One challenge is that very strong reducing agents must be replaced by less aggressive reductants. Our research shows that alkali metal cations give more positive redox potentials, which could be useful for enabling milder reduction. Note that the FeMoco in nitrogenase is surrounded by a number of positively charged amino acid residues, including a His and Arg near the active four-iron face, which might play an analogous role. Another potential route to reduced metal-N₂ species without a strong reductant is by reductive elimination of hydrides as H₂.³⁴ We have demonstrated this method of N₂ binding in both cobalt³⁵ and iron³⁶ complexes, and it has been proposed in the FeMoco based on H/D labeling and ENDOR studies.³⁷ It may also be possible to reduce metal-N₂ species at less negative potentials by coupling N₂ reduction with N₂ protonation. The study of metal-oxo intermediates has taught us that the ability to oxidize a substrate can be facilitated by increasing the basicity of the site that accepts a proton.³⁸ Likewise, the ability to reduce a complex can in principle be eased by providing a proton simultaneously (proton-coupled electron transfer or PCET).³⁹ PCET often has stingent geometric constraints, and geometric control is also necessary to make sure that protons and electrons go to N₂ reduction rather than H₂ formation.

Finally, the nature of the supporting ligands has not yet been evaluated in enough detail.
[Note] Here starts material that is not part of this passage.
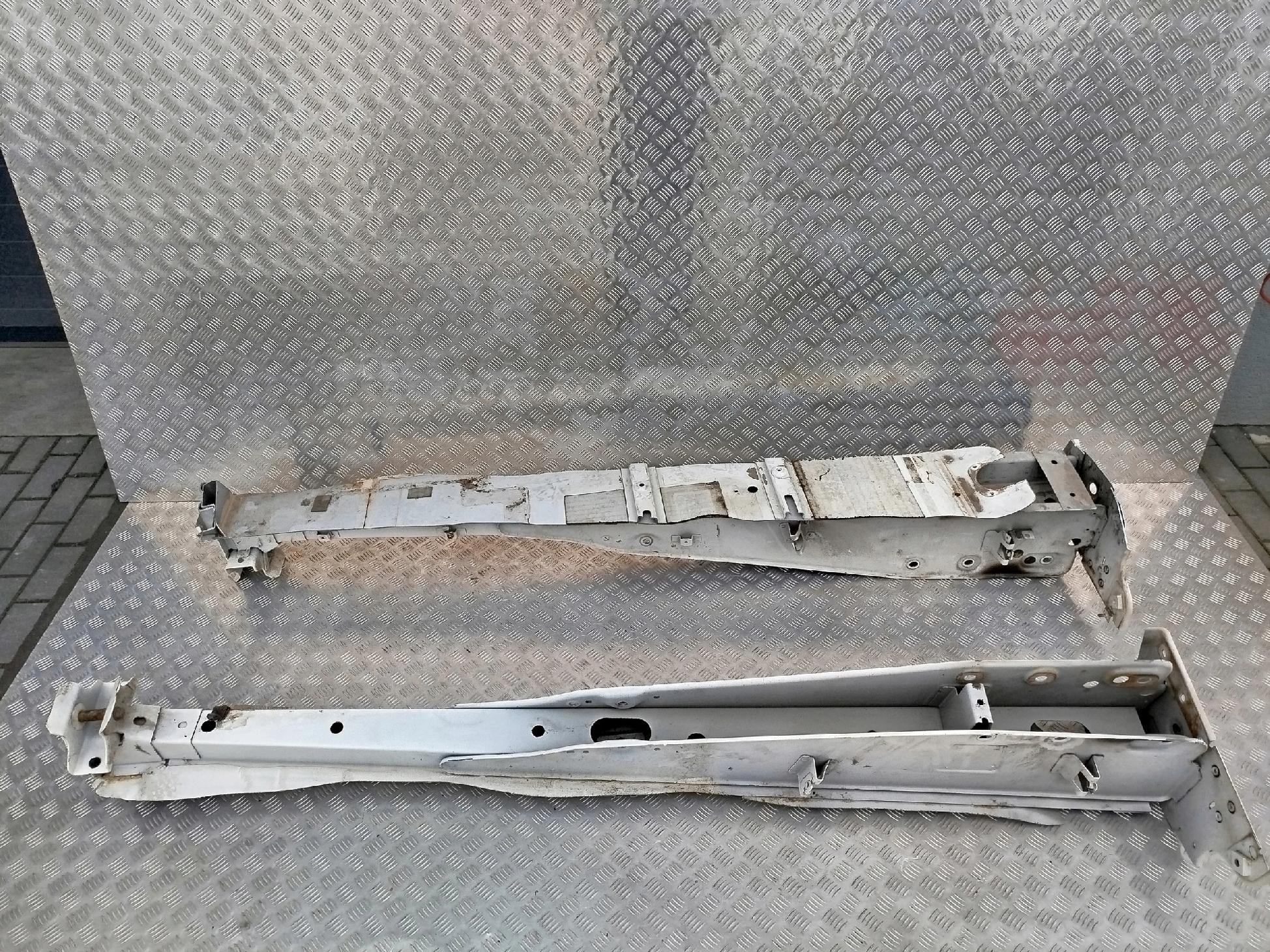 PODŁUŻNICA LEWA PRAWA DAF XF 106 - obrazek 3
The anionic nitrogen atoms in a diketiminate are weak-field π-donors like the biological sulfides, but the best supporting ligand would have S-based donors. Coordinatively unsaturated complexes rarely have thiolates or sulfides because of the tendency of sulfur to bridge between metals, forming clusters that fill any open coordination sites. As a result, the only published S-containing Fe-N₂ complexes have thioethers and non-S donors.⁴⁰ However, the FeMoco belt iron atoms have only S and C coordination, and nothing is known about Fe-N₂ binding in such an environment.
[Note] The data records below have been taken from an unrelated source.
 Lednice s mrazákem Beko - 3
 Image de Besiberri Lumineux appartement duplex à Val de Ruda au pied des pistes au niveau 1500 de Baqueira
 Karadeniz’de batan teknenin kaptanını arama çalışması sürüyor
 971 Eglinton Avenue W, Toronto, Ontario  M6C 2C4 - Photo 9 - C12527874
Overall, we hope that the perspectives above serve as encouragement for the study of more complexes with cooperative reactions, both between multiple transition metals and between transition metals and main-group metals, for the activation of strong bonds. The presence of clusters at some of the most potent bond-breaking and bond-forming enzymes (nitrogenase, photosystem II, methane monooxygenase, hydrogenase, CO dehydrogenase) is evidence that natural systems have benefitted from this strategy. Since there are so many permutations of metals and reactions, it is clear that the sky (with all of its N₂) is the limit!

Biography

Sean F. McWilliams received a B.S. in chemistry with highest honors from Temple University in 2013. He is currently pursuing graduate studies with Patrick L. Holland at Yale University, focusing on fundamental iron-dinitrogen chemistry relating to nitrogenase and the Haber-Bosch process.
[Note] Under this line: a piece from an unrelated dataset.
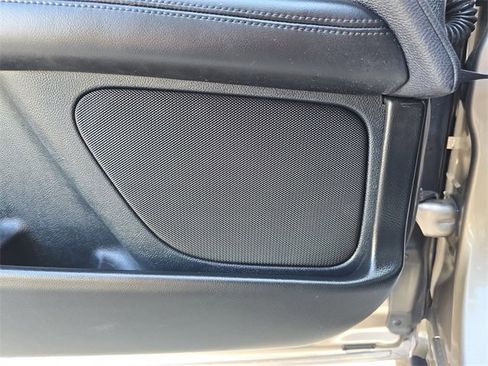 Used 2019 Lincoln MKZ Reserve image 17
Patrick L. Holland received an A.B. in chemistry with high honors from Princeton University, and a Ph.D. from the University of California at Berkeley working on organometallic chemistry with Richard Andersen and Robert Bergman. After postdoctoral work with William Tolman at the University of Minnesota, his independent research has addressed mimics of several iron-containing metalloenzymes, particularly nitrogenases. Prof. Holland was on the faculty at the University of Rochester from 2000-2013, and he is now Professor of Chemistry at Yale University.